RAW DATA -

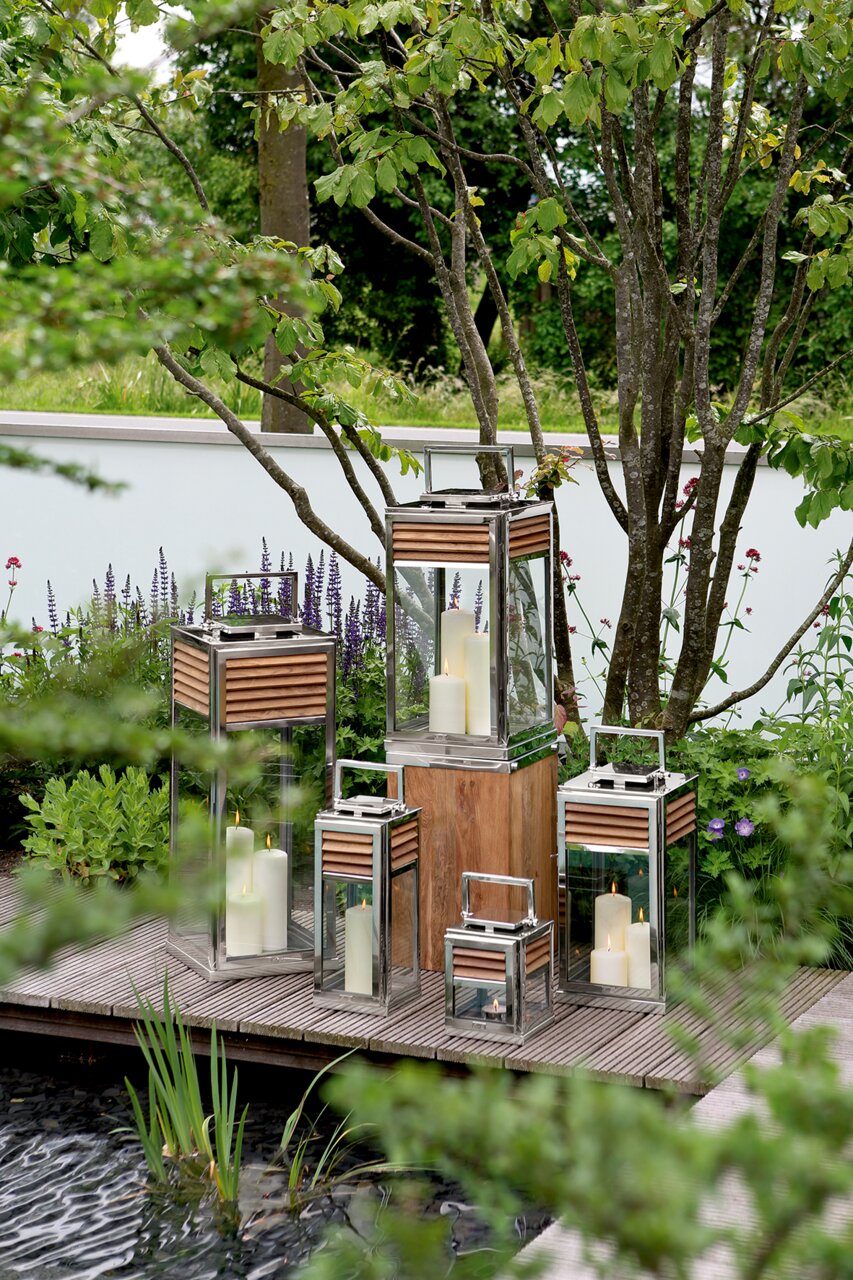 Verschillende lantaarns van glas en metaal met houten details, geplaatst op een terras in de tuin, omringd door groene planten. Aanzicht van voren.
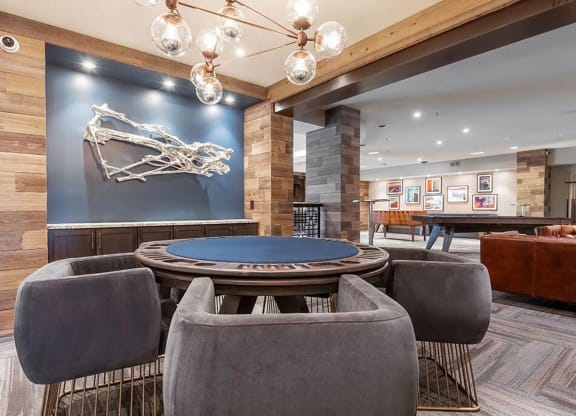 a poker table is in the center of a room with chairs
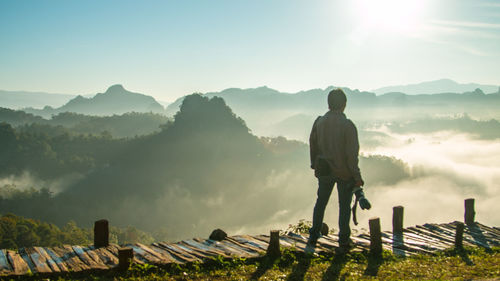 Tourist standing on mountain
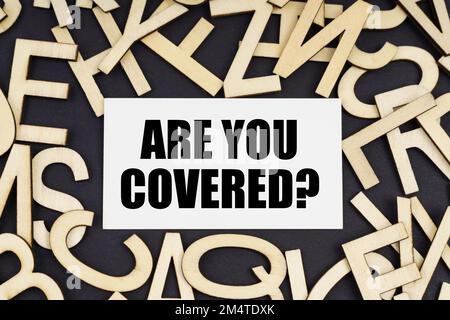 Finanz- und Wirtschaftskonzept. Auf einer schwarzen Oberfläche befinden sich Holzbriefe und eine Visitenkarte mit der Aufschrift – SIND SIE VERDECKT Stockfoto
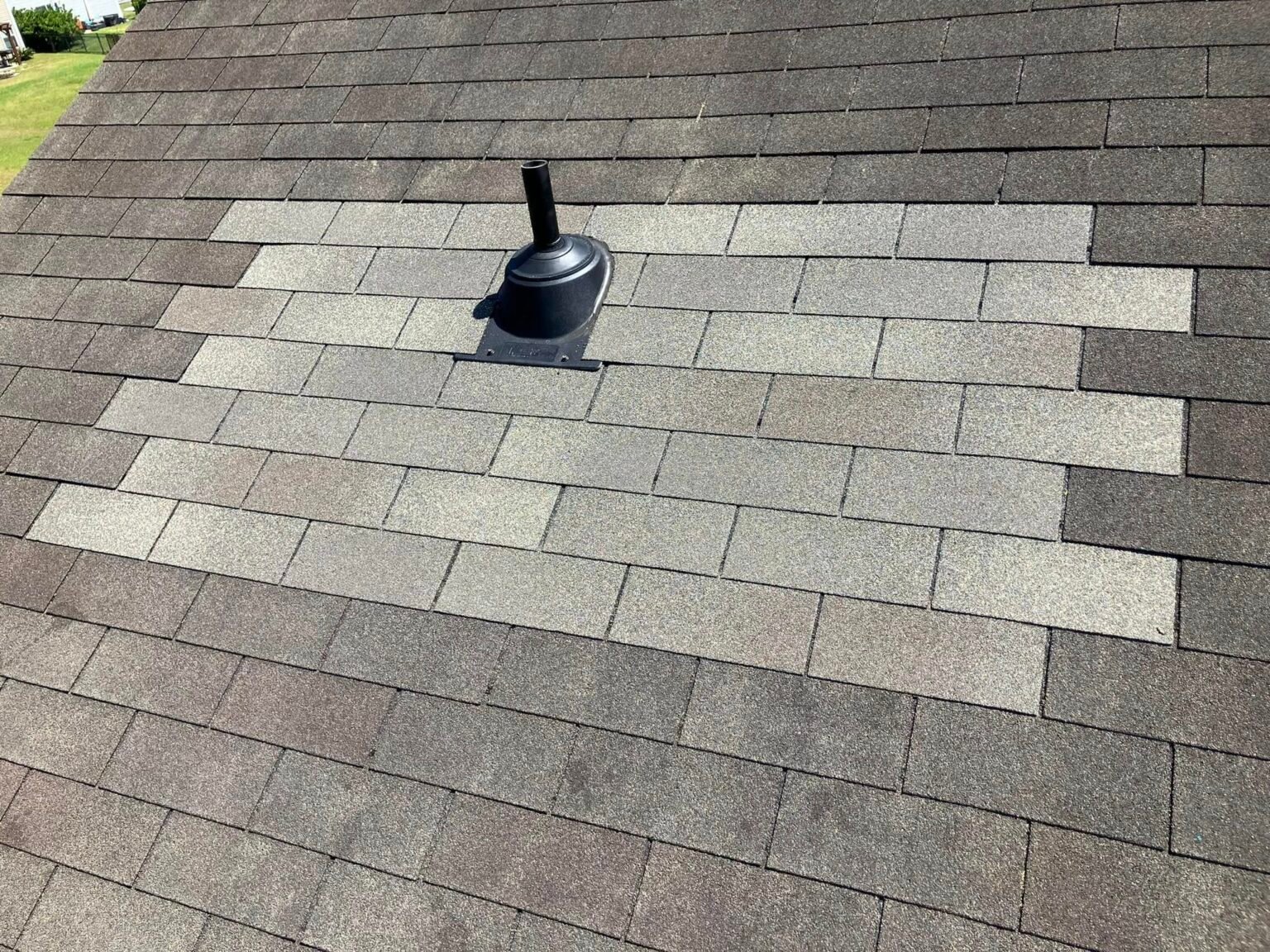 roof repair in RIdgeland. New shingles patching a hole in the roof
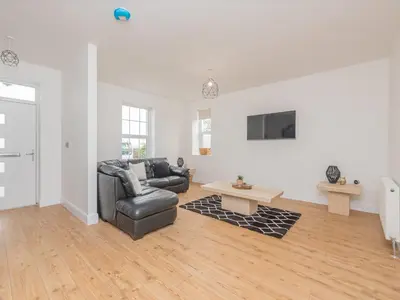 a living room with a leather couch and a tv at The Wee White Cottage in Bannockburn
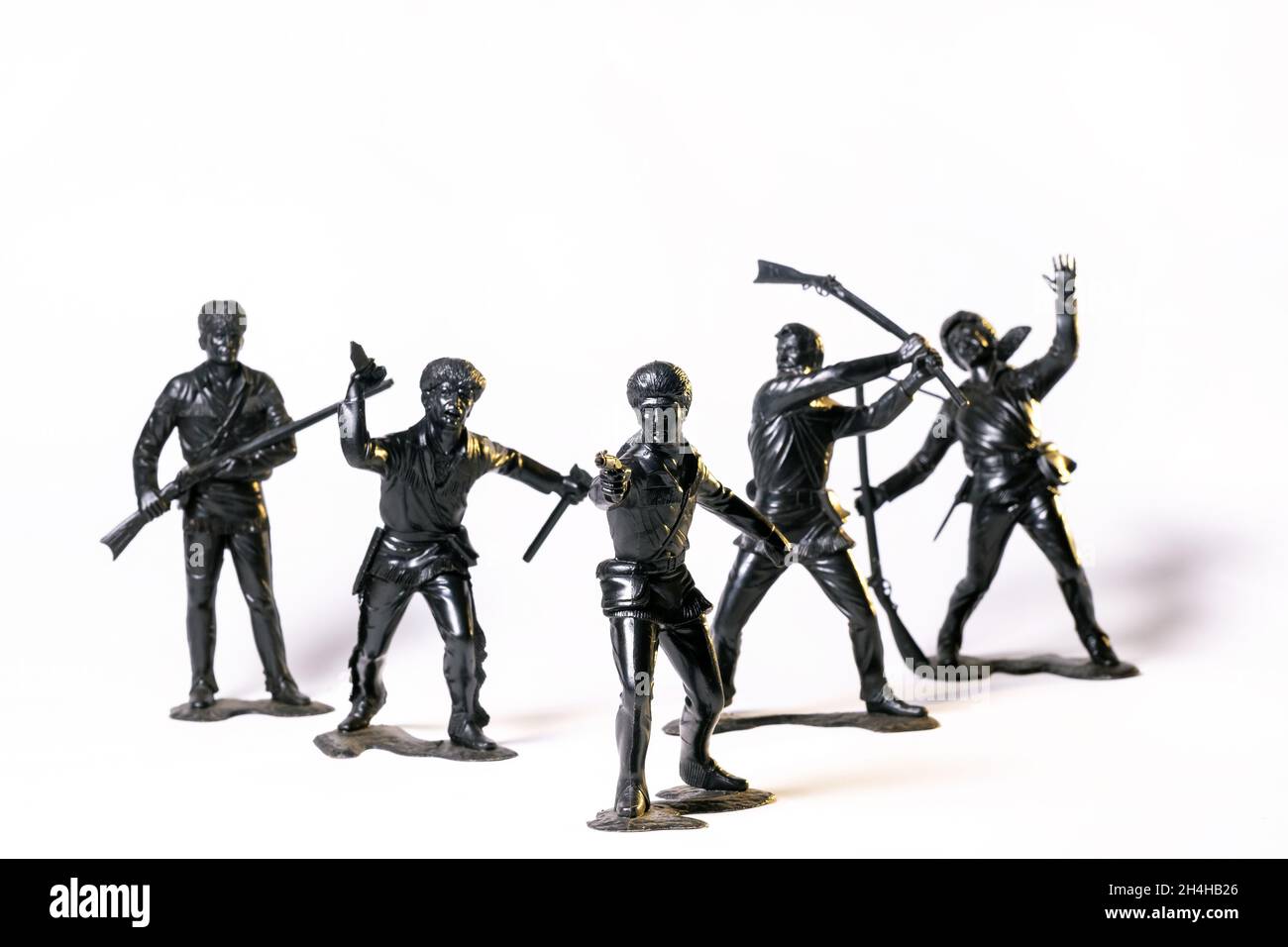 Vintage toy black soldiers isolated on white background Stock Photo - Alamy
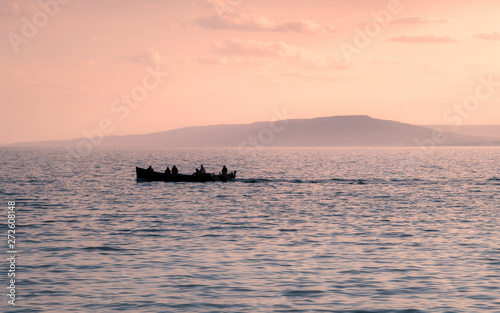 Boat silhouette with man on the water in sunset with mountain in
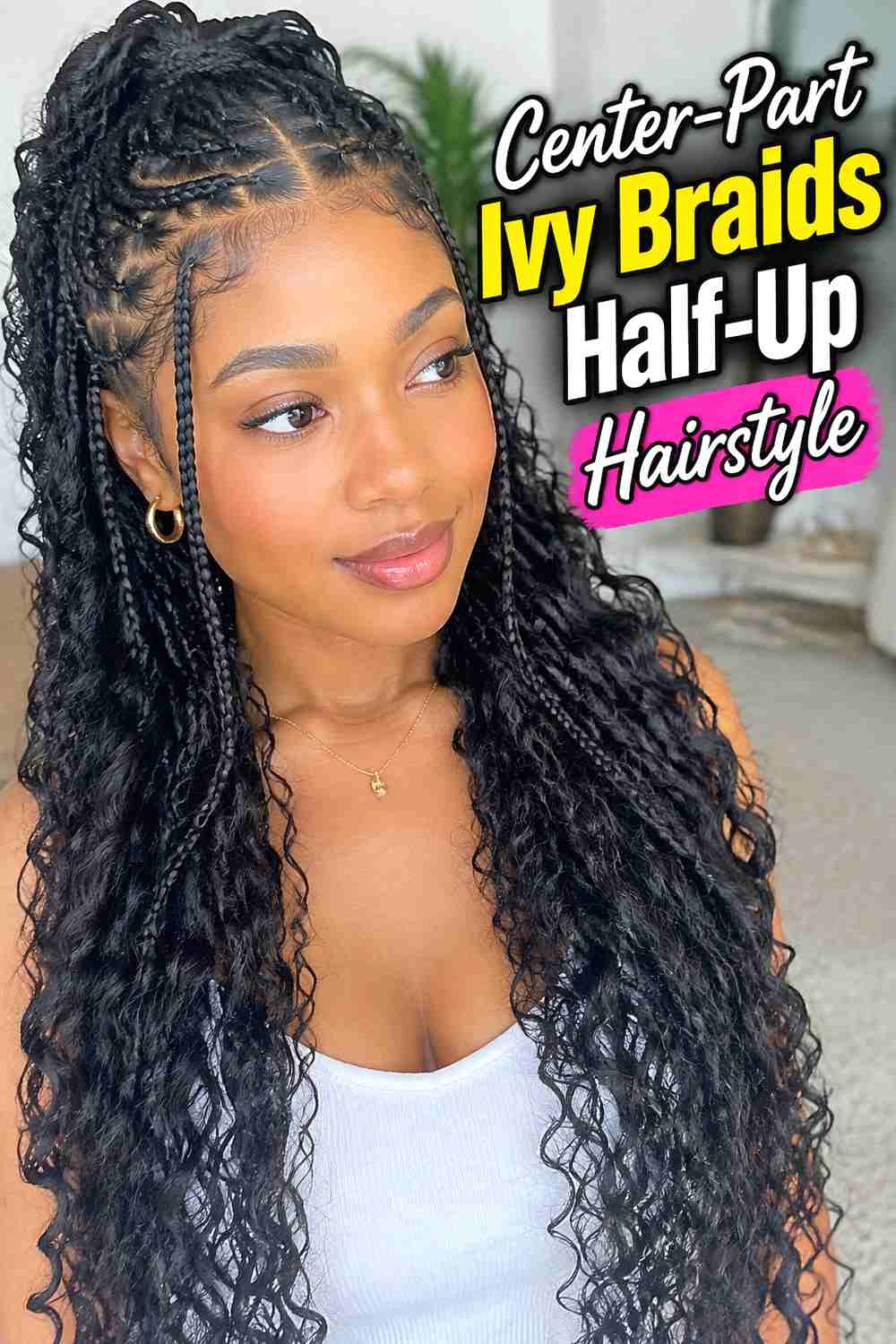 8. Center Part Ivy Braids Half Up Hairstyle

WHAT TO WORK ON - Repeat, exactly and in full, all the material above except its pictures.

EXPECTED ANSWER -
 Verschillende lantaarns van glas en metaal met houten details, geplaatst op een terras in de tuin, omringd door groene planten. Aanzicht van voren.
 a poker table is in the center of a room with chairs
 Tourist standing on mountain
 Finanz- und Wirtschaftskonzept. Auf einer schwarzen Oberfläche befinden sich Holzbriefe und eine Visitenkarte mit der Aufschrift – SIND SIE VERDECKT Stockfoto
 roof repair in RIdgeland. New shingles patching a hole in the roof
 a living room with a leather couch and a tv at The Wee White Cottage in Bannockburn
 Vintage toy black soldiers isolated on white background Stock Photo - Alamy
 Boat silhouette with man on the water in sunset with mountain in
 8. Center Part Ivy Braids Half Up Hairstyle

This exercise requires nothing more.